### Exercise objective
The records below are to be copied exactly, with every picture left out.

### Recorded data
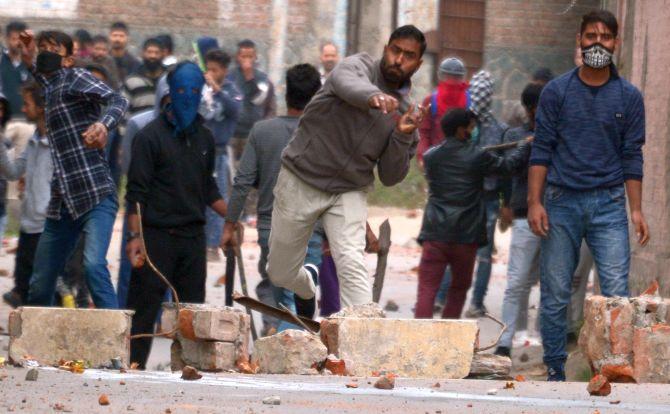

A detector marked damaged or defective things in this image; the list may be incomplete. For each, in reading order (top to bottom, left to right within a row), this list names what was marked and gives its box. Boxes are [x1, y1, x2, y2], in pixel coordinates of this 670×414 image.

broken concrete slab [7, 306, 134, 368]
broken concrete slab [252, 330, 328, 376]
broken concrete slab [320, 316, 478, 378]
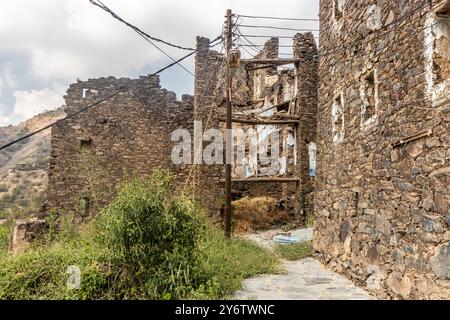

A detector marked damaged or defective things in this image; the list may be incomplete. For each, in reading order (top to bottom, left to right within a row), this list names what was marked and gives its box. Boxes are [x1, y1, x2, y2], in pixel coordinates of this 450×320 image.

broken window opening [360, 70, 378, 124]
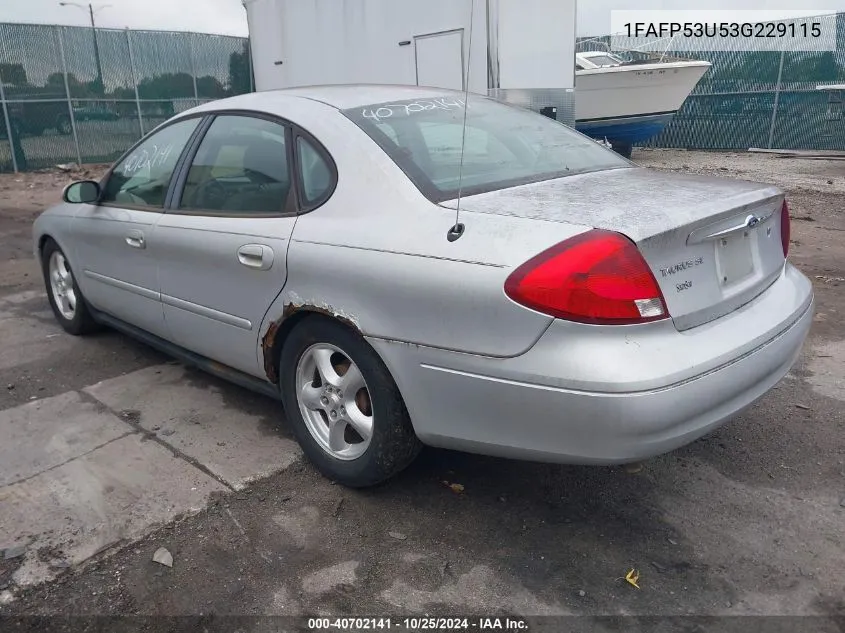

### Your solution
A detector marked damaged or defective things in this image; the list may be incomplete. For each, in reading order (top to bottom, left to right within a row), this list names what was marked and gives its box. Boxes are [x1, y1, x2, y2], in pixel coordinates of this 670×414 image.

broken concrete slab [7, 306, 134, 368]
broken concrete slab [252, 330, 328, 376]
broken concrete slab [320, 316, 478, 378]

A detector marked damaged or defective things in this image; the list may be incomplete. For each, in reading order (top to bottom, left to right within a row), this list names what was marked and gives its box. Boxes are [x1, y1, x2, y2], in pixel coordinates of this 450×320 image.

broken window opening [360, 70, 378, 124]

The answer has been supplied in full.